Directions for this task
Copy out every line of the data where the word "Wood" is found.

Provided entries
((
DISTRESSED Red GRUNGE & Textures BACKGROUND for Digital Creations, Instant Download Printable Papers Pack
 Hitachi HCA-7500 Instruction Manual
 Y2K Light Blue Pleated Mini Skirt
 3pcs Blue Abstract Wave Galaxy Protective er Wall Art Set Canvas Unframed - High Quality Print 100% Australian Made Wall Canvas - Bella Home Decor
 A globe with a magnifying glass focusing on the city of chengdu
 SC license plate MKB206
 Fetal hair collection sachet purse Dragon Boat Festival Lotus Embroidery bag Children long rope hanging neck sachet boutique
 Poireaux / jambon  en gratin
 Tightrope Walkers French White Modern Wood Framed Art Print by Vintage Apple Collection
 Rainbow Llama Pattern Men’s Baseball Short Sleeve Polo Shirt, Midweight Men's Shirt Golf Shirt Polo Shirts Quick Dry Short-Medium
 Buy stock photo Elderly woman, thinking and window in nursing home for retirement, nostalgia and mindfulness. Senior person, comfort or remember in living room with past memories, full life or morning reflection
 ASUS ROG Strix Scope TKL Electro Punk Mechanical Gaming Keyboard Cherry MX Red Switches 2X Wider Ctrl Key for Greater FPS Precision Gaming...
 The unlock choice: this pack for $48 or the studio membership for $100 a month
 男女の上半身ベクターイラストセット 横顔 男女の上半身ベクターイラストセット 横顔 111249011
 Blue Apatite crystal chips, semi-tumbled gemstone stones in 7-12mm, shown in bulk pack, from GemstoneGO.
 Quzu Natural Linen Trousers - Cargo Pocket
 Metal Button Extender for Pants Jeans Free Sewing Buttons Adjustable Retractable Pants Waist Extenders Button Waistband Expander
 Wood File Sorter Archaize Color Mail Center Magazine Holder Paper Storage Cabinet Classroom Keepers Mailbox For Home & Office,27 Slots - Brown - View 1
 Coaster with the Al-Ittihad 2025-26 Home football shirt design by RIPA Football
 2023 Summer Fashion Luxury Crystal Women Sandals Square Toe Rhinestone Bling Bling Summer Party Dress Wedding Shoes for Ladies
))
Exercise result
 Tightrope Walkers French White Modern Wood Framed Art Print by Vintage Apple Collection
 Wood File Sorter Archaize Color Mail Center Magazine Holder Paper Storage Cabinet Classroom Keepers Mailbox For Home & Office,27 Slots - Brown - View 1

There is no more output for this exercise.